Highly Efficient High-Harmonic Generation in an Orthogonally Polarized Two-Color Laser Field

Highly efficient high-harmonic generation was achieved in helium using a two-color laser field that consisted of the fundamental and the second harmonic fields of a femtosecond Ti:sapphire laser. By applying a high intensity second harmonic, the harmonics generated in the orthogonally polarized two-color field were stronger than those obtained in the fundamental field by more than 2 orders of magnitude, and even stronger than those of the parallel polarization case. A conversion efficiency as high as $5\times {10}^{-5}$ was obtained for the 38th harmonic at 21.6 nm. The physical origin of this enhancement was deduced by analyzing the electron behavior in the two-color field.

Figure 1

Experimental setup for high-harmonic generation driven by a two-color laser field. The polarizations of fundamental ($\omega$) and second harmonic ($2\omega$) fields were controlled using the wave plate.
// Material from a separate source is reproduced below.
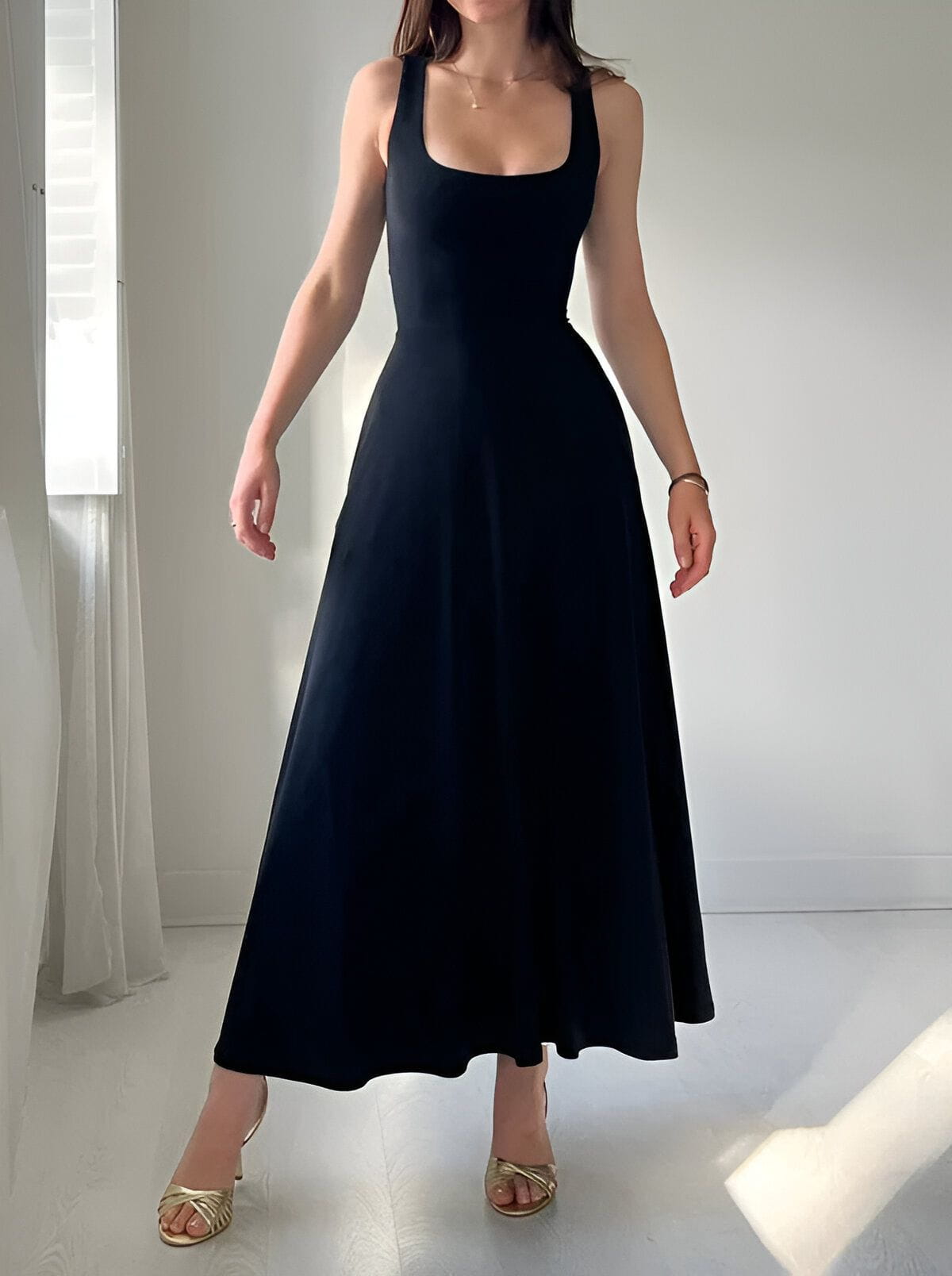 Lavinque Dresses Noir / XS Robe Noire Évasée | Sans Manches | Élégance Intemporelle
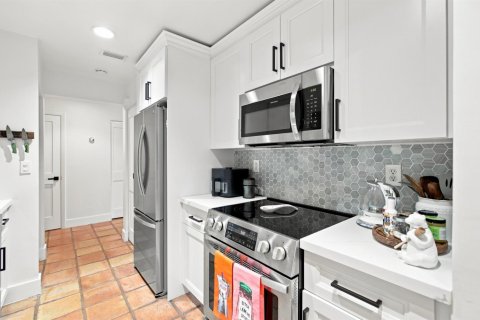 Touwnhouse à vendre à Miami, Floride: 2 chambres, 119.57 m2 № 2275795 - photo 10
For control of the relative phase between the fundamental and the SH fields, a $150\mu \mathrm{m}$ thick glass plate was inserted.

Figure 2

Harmonic spectra from He generated in the fundamental ($\omega$), second harmonic ($2\omega$), and two-color ($\omega +2\omega$) laser fields. In the two-color field, the cases of parallel and orthogonal polarizations are given.

Figure 3

(a) Position expectation value of the electron under orthogonally polarized two-color laser field. The inset shows the Lissajous diagram of the electric field ($I_{\omega }=5\times {10}^{14}\mathrm{W}/{\mathrm{cm}}^2$, $I_{2\omega }=8\times {10}^{14}\mathrm{W}/{\mathrm{cm}}^2$) A, B, C, and D correspond to 0.00, 0.05, 0.16, and 0.25 optical cycles, respectively. The points B and C correspond to the ionization times for the highest-order harmonics generation in the fundamental and the two-color fields, respectively. (b) Tunneling ionization rate and traveling time of the electron in the fundamental field and orthogonally polarized two-color field.

Figure 4

Modulation of $2(2n+1)$th order harmonics accompanied by controlling the relative phase in a two-color laser field. This relative phase between fundamental and SH fields was changed by rotating the glass plate shown in Fig. 1. (a) Orthogonal polarization case, and (b) parallel polarization case.